## TASK PROMPT
Match the word "Rabbit". Return each line of the data below where it appears.
+ + +
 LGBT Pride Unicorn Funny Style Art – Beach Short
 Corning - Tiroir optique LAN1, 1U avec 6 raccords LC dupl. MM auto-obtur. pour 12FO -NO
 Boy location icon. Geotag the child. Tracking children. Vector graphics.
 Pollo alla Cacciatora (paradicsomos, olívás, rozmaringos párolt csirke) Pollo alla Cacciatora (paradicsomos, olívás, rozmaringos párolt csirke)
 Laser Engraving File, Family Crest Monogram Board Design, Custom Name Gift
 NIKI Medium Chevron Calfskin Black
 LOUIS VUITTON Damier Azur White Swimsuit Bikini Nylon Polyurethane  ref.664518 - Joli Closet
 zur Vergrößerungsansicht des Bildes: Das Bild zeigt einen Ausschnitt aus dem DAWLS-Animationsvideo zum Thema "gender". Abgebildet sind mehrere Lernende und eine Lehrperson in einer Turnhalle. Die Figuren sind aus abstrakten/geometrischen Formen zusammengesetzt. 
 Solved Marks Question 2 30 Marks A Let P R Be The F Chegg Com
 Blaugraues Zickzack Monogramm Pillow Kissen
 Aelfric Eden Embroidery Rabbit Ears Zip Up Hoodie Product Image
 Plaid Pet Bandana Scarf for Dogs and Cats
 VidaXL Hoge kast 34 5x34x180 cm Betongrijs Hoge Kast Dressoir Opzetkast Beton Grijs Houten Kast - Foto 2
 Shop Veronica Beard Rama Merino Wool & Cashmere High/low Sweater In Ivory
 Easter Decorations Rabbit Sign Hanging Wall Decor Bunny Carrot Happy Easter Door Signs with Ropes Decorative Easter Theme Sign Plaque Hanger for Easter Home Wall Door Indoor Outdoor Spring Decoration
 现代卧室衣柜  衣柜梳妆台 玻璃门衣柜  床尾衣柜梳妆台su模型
+ + +
## ANSWER
 Aelfric Eden Embroidery Rabbit Ears Zip Up Hoodie Product Image
 Easter Decorations Rabbit Sign Hanging Wall Decor Bunny Carrot Happy Easter Door Signs with Ropes Decorative Easter Theme Sign Plaque Hanger for Easter Home Wall Door Indoor Outdoor Spring Decoration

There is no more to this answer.